10.5.09

Comentário sobre "A morte do autor"


Que voz é essa que fala ao leitor em um texto ficcional? Considerando que uma obra literária tem sua origem na figura do autor, a resposta de Barthes surpreende: a escritura é a destruição de toda voz, de toda origem de um texto.
O semioticista francês nos mostra que o autor se desfaz na tessitura textual. Quem fala é a própria linguagem. Considerando-se que a linguagem é um todo múltiplo, constituído de enunciados de tantas origens, de tantas enunciações, que não são mais que citações, o autor deixa de ser o criador de um texto original. Buscar um sentido final para o texto não é mais, portanto, uma necessidade. "O espaço da escritura deve ser percorrido, e não penetrado" (BARTHES, 1988/2004, p.63), pois o sentido não tem fim.
O exemplo da ambiguidade constitutiva da tragédia grega, revelada pelos estudos de Vernant, é uma belíssima ilustração, que nos mostra que o decifrador da multiplicidade de sentidos, desse "perpétuo mal-entendido" (BARTHES, 1988/2004, p. 64), onde se dão encontros e embates, é o leitor.
Até aqui tudo bem. Percorrer o enunciado do autor é também trilhar os enunciados que o constituem, e que revelam o autor escondido, diluído na linguagem. Informações sobre o contexto de produção, sobre o passado e ideologia do autor são dados enriquecedores, mas não são condicionantes para a compreensão do texto acontecer. Mas não ficou claro quando Barthes diz que o leitor abarca toda a multiplicidade, sem que nada se perca, que reúne todos os traços de que é constituído o texto. Para mim, o leitor não é um ser totalizante, mas fragmentado, sua visão é virtualmente completa, mas a realização é fragmentada. O todo nunca é apreendido até porque o sentido não se esgota a cada leitura. Parece-me que esse estranhamento pode ser devido ao fato de o estruturalismo tentar descobrir elementos gerais. Barthes quer descobrir o Autor e o Leitor, seres genéricos, que representem o conjunto de individualidades. No entanto, a literatura é formada pelas especificidades que ocorrem tanto na produção, pelo autor, como na recepção, pelo leitor.

4 comentários:

Maria José Nóbrega disse...

Isabel,
que belíssima polêmica você instalou em seu comentário: pano para muitas reflexões.
Beijos,
Mazé

cibely disse...

Adorei seu comentário!
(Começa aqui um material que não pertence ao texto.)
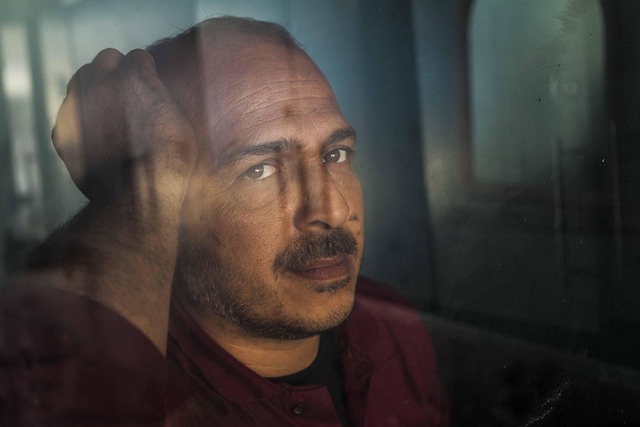 A man looks through a window with one hand resting on his head.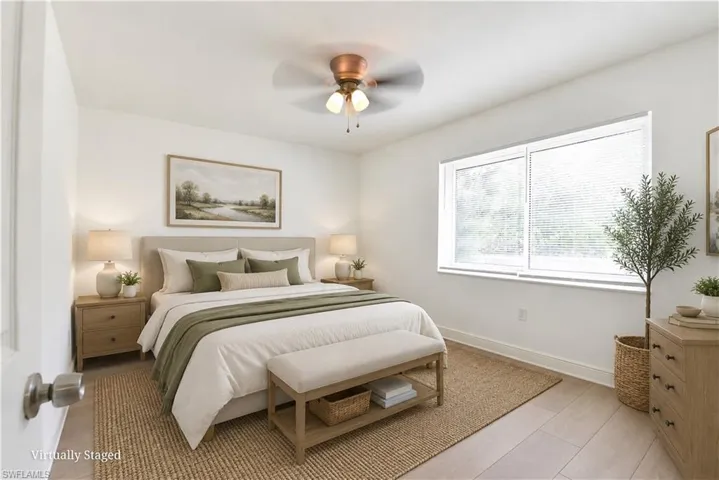Bedroom featuring light-toned flooring, white walls, and a ceiling fan with integrated lighting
Você escreve muito bem!!!

Beijo
Cibely

cibly disse...

Parabéns pelo comentário! Você escreve muito bem!
Adorei!
Um beijo
Cibely

Márcia Fortunato disse...

Isabel, que comentário bom você fez! Gostei muito, ainda mais porque você tem um texto claro, fluente e principalmente porque institui o diálogo com o texto de Barthes, reconhecendo devidamente as autorias.
Acho que temos aí muito material para novas reflexões.
Beijo, Márcia.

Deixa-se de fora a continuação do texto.